Tensi pemilihan kepala daerah (Pilkada) di Indonesia sempat meninggi gara-gara ‘Jangan mau dibohongi Al-Maidah 51’.  Saat itu memang timing­-nya beberapa bulan menjelang pemilihan Gubernur & Wakil Gubernur DKI Jakarta sehingga sensitivitas politik sangat terasa. Apalagi bila sudah bersentuhan dengan suku, agama, ras dan antar golongan (SARA).  Di satu sisi, umat Islam yang memahami bahwa Islam tidak memisahkan antara politik dengan agama ikut menyuarakan bahwa sudah semestinya baik sistem pemerintahan maupun pemimpin yang dipilih berdasarkan aturan Islam.    

Pilkada tahun ini (2018) serentak dilaksanakan di 17 provinsi, 115 kabupaten, dan 39 kota.  Badan Pengawas Pemilihan Umum pun merencanakan untuk mengawasi & menyusun kurikulum materi khotbah (khotbah Jumat bagi muslim dan khotbah lainnya dari non muslim) dengan menjalin kerja sama bersama para pemuka agama, baik dari Islam, Perwakilan Umat Buddha Indonesia (Walubi), Persekutuan Gereja-Gereja Indonesia (PGI), & Konferensi Wali Gereja Indonesia (KWI). Sebagaimana diberitakan oleh Republika.co.id (11/2/2018) materi khotbah yang akan disusun berisi tentang wawasan pencegahan, sosialisasi, dan pengawasan terhadap praktik politik uang dan politisasi suku, agama, ras, dan antargolongan (SARA) dalam pilkada. Dilansir dari Tempo.Co (8/2/2018), Komisioner Badan Pengawas Pemilihan Umum (Bawaslu) Rahmat Bagja mengatakan materi khotbah menjelang masa kampanye pilkada serentak 2018 harus diisi dengan sesuatu yang menentramkan.   


Rencana Bawaslu ini pun ditanggapi oleh para tokoh. "Menurut saya, pengaturan mengenai hal-hal sangat sensitif itu jangan sampai terlalu ditekniskan karena malah semakin memanaskan situasi.

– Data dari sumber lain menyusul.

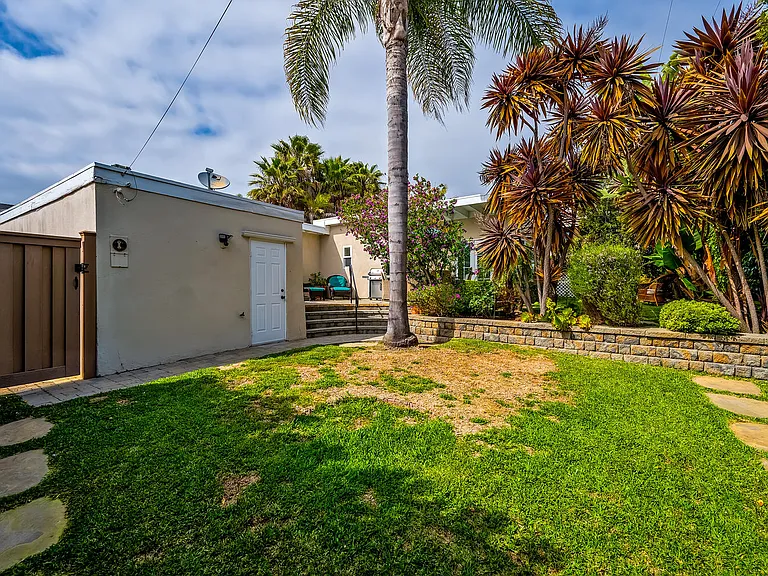 181 W Avenida Cornelio — Photo 37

Bukan saja kepada pihak-pihak yang terkait yang mengatur itu," kata Taufik Kurniawan wakil ketua Dewan Perwakilan Rakyat (DPR) di Jakarta, Selasa, 13 Februari 2018 sebagaimana dilansir dari Tempo.Co.

Suara kontra pun diungkapkan oleh Ketua PBNU Robikin Emhas, menurut beliau rencana Bawaslu itu tidak perlu dilakukan mengingat telah berada di luar kapasitas Bawaslu (Tribunnews.co.id ; 8/2/2018).  Demikian halnya dengan ketua Dewan Masjid Indonesia (DMI) Muhammad Natsir Zubaidi yang menyatakan Banwaslu tidak perlu ikut campur dalam ranah keagamaan (Republika.co.id; 11/2/2018).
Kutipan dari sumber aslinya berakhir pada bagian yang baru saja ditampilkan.